According to Wikipedia: It won the Academy Award for Writing Original Screenplay, and was nominated for Best Actor in a Leading Role (Robin Williams), Best Director and Best Picture. The film has become standard viewing for high school English classes in North America."
Even the Washington Post could not pan the movie, try as they might. "This solid, smart entertainment will shake you down too -- in the good sense. You'll be reaching for Shelley. Okay, maybe you won't reach for Shelley (unless you're sitting next to someone named Shelley). You'll go home and fall asleep -- but before you do, you'll feel like maybe you want to read poetry. Sometime. Meanwhile, you'll love the movie. "Sure, the heroes (Williams and the Disciples of Smug) and villains (academic crustaceans and med-school-pushing parents) are arranged in a convenient moral gallery. But the performances, Weir's adroit direction and John Seale's superb cinematography take care of that banality. "... if you've lived more than five minutes (and they won't let you into the theater otherwise), you already know that most romantic flights of fancy inevitably crash-land. And, in any case, "Poets" also ends with an uplifting note that peals a bell for intellectual freedom, creativity and, if nothing else, more Robin Williams movies."
I confess to being moved, not so much by the film -- as enjoyable and predictable as it was -- as by the door it opened for me into poetry. I have never been a poetry kind of guy. After discovering Ayn Rand and Romanticism in high school, I paid the bucks for Shelley, Byron and Keats, but they were as pointless as Hawthorne. I wanted to like them because Ayn Rand said so, but I just did not "get" it. After Dead Poets, I gave it another shot, buying several anthologies and finding in them some works I could understand. Reading Whitman's Captain in this review ( http://www.generationterrorists.com/quotes/dps.html ) would have made me cry were I not in an administrative office right now.

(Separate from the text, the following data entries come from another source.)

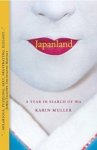 Karin Muller - Japanland - A Year in Search of Wa Karin Muller - Japanland - A Year in Search of Wa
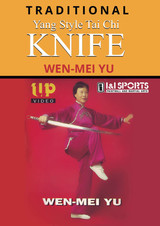 Traditional Yang Style Tai Chi Knife - Wen-Mei Yu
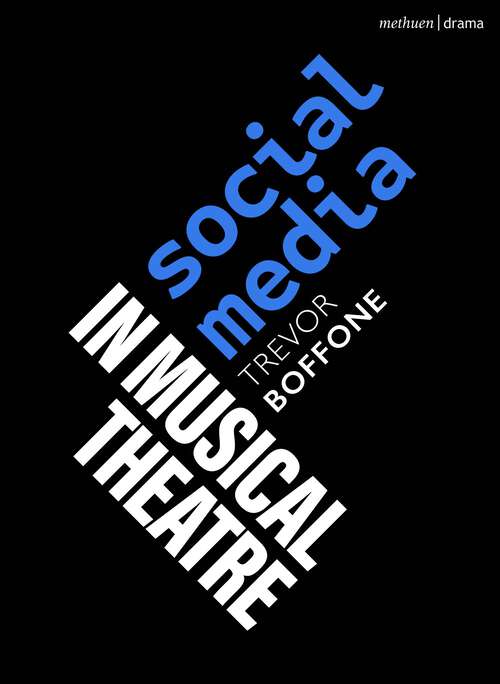 Book cover of Social Media in Musical Theatre (Topics in Musical Theatre)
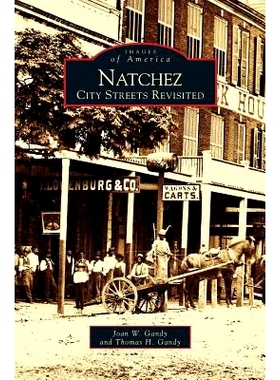 预订 Natchez: City Streets Revisited: 9781531602154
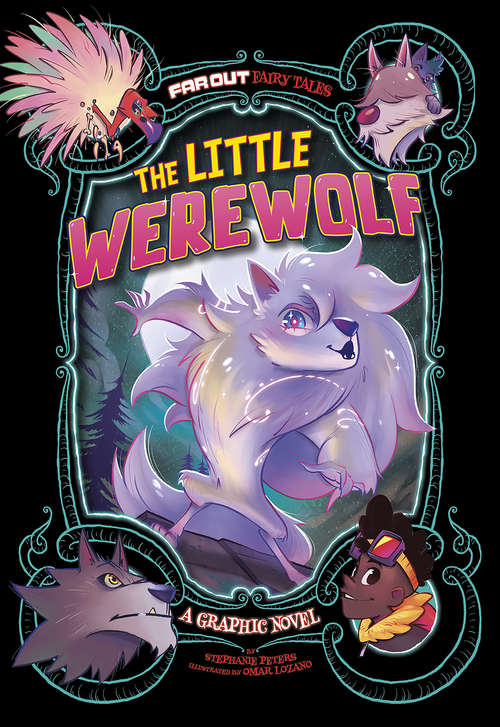 Book cover of The Little Werewolf: A Graphic Novel (Far Out Fairy Tales)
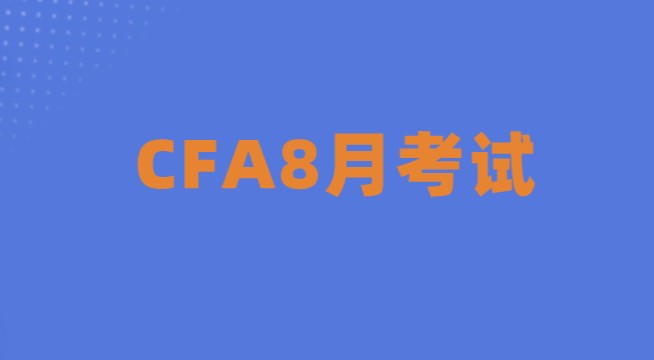 2021年8月CFA考试情况如何？尤其报名时间问题！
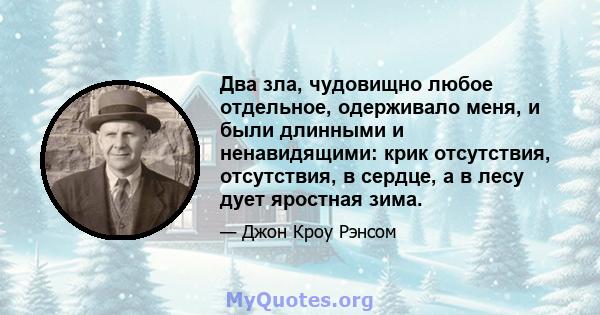 Два зла, чудовищно любое отдельное, одерживало меня, и были длинными и ненавидящими: крик отсутствия, отсутствия, в сердце, а в лесу дует яростная зима.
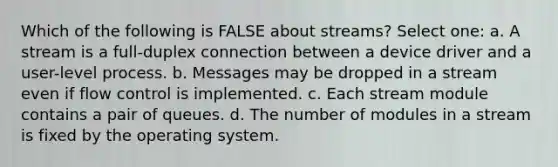 Which of the following is FALSE about streams? Select one: a. A stream is a full-duplex connection between a device driver and a user-level process. b. Messages may be dropped in a stream even if flow control is implemented. c. Each stream module contains a pair of queues. d. The number of modules in a stream is fixed by the operating system.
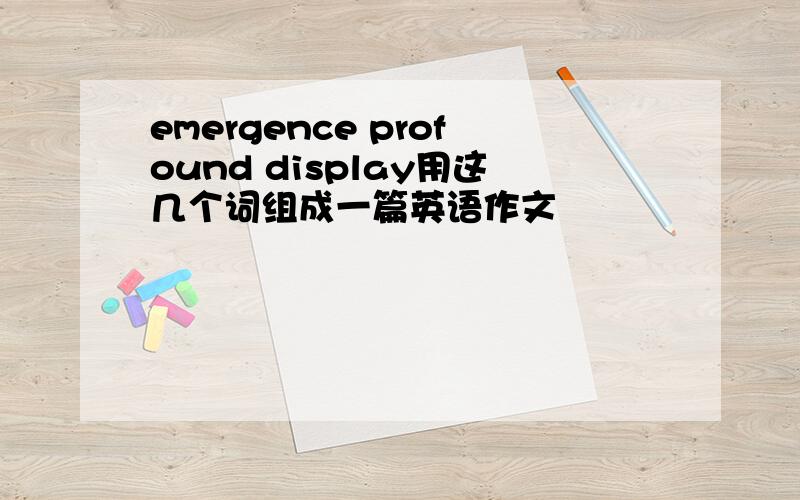 emergence profound display用这几个词组成一篇英语作文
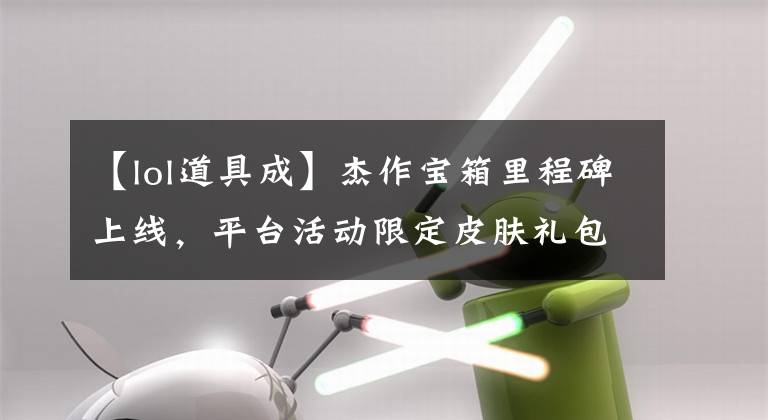 【lol道具成】杰作宝箱里程碑上线，平台活动限定皮肤礼包即将返场
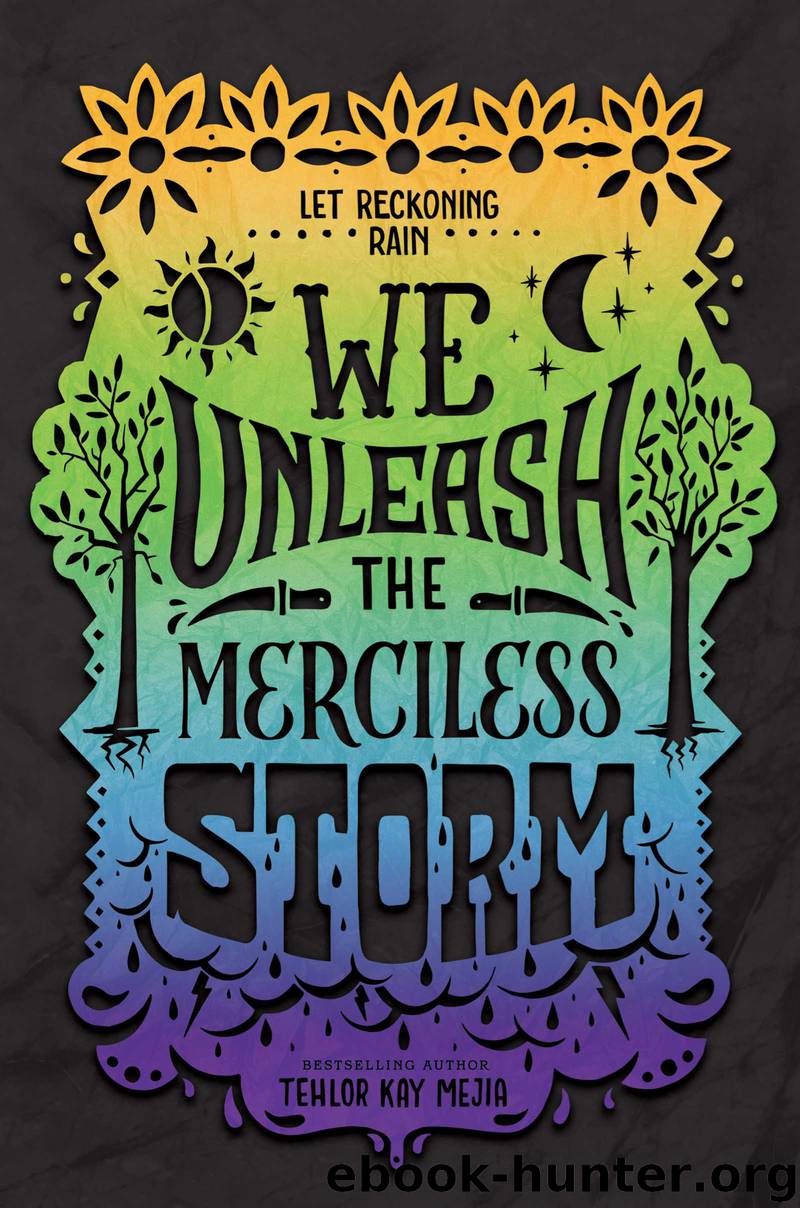 We Unleash the Merciless Storm by Tehlor Kay Mejia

Finally, there is Robin Williams. I believe that with Dustin Hoffman, he is one of the few true actors we see in Cineplex-47 mainstream films. (Has anyone seen Clint Eastwood cry? Even Bruce Willis can do that, but then, suffering is the one skill Bruce Willis brings to the set. Two cheers for both of Johnny Depp's dimensions! But "Best Actor" goes to Russell Crowe who really acted as if he were intelligent in Beautful Mind.)